Consider the following function accept
that takes a "universal reference" of type T
and forwards that to a parse<T>()
function object with an overload for lvalues and one for rvalues:
template<class T>
void accept(T&& arg)
{
parse<T>()(std::forward<T>(arg), 0); // copy or move, depending on rvaluedness of arg
}
template<class T>
class parse
{
// parse will modify a local copy or move of its input parameter
void operator()(T const& arg, int n) const { /* optimized for lvalues */ }
void operator()(T&& arg) , int n) const { /* optimized for rvalues */ }
};
Since perfect forwarding leaves the source object in a valid but undefined state, it is impossible to perfectly forward again within the same scope. Below my attempt to have as few copies as possible in a hypothetical split()
function that takes an int
representing the number passes that have to be made over the input data:
template<class T>
void split(T&& arg, int n)
{
for (auto i = 0; i < n - 1; ++i)
parse<T>()(arg , i); // copy n-1 times
parse<T>()(std::forward<T>(arg), n - 1); // possibly move the n-th time
}
Question: is this the recommended way to apply perfect forwarding for multiple passes over the same data? If not, what is a more idiomatic way to minimize the number of copies?
Question: is this the recommended way to apply perfect forwarding for multiple passes over the same data?

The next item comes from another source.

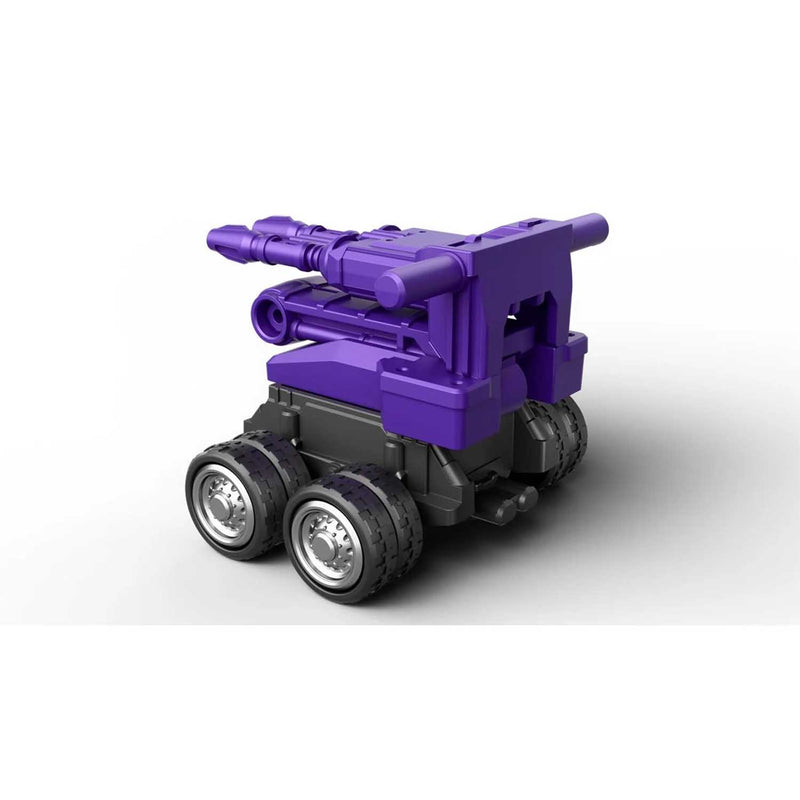 Load image into Gallery viewer, Blokees - Transformers Wheels - CT03 Motormaster
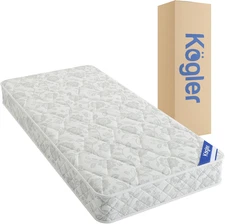 Innerspring Hybrid Semi-Truck Mattress - 7" Trucker Mattress, 39X80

Yes, this is the recommended way to apply perfect forwarding (or move) when you need to pass the data multiple times. Only (potentially) move from it on your last access. Indeed, this scenario was foreseen in the original move paper, and is the very reason that "named" variables declared with type rvalue-reference are not implicitly moved from. From N1377:
Even though named rvalue references can bind to an rvalue, they are
treated as lvalues when used. For example:
struct A {};
void h(const A&);
void h(A&&);
void g(const A&);
void g(A&&);
void f(A&& a)
{
g(a); // calls g(const A&)
h(a); // calls h(const A&)
}
Although an rvalue can bind to the "a" parameter of f(), once bound, a
is now treated as an lvalue. In particular, calls to the overloaded
functions g() and h() resolve to the const A& (lvalue) overloads.
Treating "a" as an rvalue within f would lead to error prone code:
First the "move version" of g() would be called, which would likely
pilfer "a", and then the pilfered "a" would be sent to the move
overload of h().
If you want h(a)
to move in the above example, you have to do so explicitly:
h(std::move(a)); // calls h(A&&);
As Casey points out in the comments, you have an overloading problem when passing in lvalues:
#include <utility>
#include <type_traits>
template<class T>
class parse
{
static_assert(!std::is_lvalue_reference<T>::value,
"parse: T can not be an lvalue-reference type");
public:
// parse will modify a local copy or move of its input parameter
void operator()(T const& arg, int n) const { /* optimized for lvalues */ }
void operator()(T&& arg , int n) const { /* optimized for rvalues */ }
};
template<class T>
void split(T&& arg, int n)
{
typedef typename std::decay<T>::type Td;
for (auto i = 0; i < n - 1; ++i)
parse<Td>()(arg , i); // copy n-1 times
parse<Td>()(std::forward<T>(arg), n - 1); // possibly move the n-th time
}
Above I've fixed it as Casey suggests, by instantiating parse<T>
only on non-reference types using std::decay
. I've also added a static_assert to ensure that the client does not accidentally make this mistake. The static_assert
isn't strictly necessary because you will get a compile-time error regardless. However the static_assert
can offer a more readable error message.
That is not the only way to fix the problem though. Another way, which would allow the client to instantiate parse
with an lvalue reference type, is to partially specialize parse:
template<class T>
class parse<T&>
{
public:
// parse will modify a local copy or move of its input parameter
void operator()(T const& arg, int n) const { /* optimized for lvalues */ }
};
Now the client doesn't need to do the decay
dance:
template<class T>
void split(T&& arg, int n)
{
for (auto i = 0; i < n - 1; ++i)
parse<T>()(arg , i); // copy n-1 times
parse<T>()(std::forward<T>(arg), n - 1); // possibly move the n-th time
}
And you can apply special logic under parse<T&>
if necessary.
(I know, it is an old thread)
As stated in the comments, the data is a large array or vector of uint64_t. A better optimization than parameter passing to prevent a final copy would probably be to optimize the many copy operations to
- read once
- write many times (for each intended pass)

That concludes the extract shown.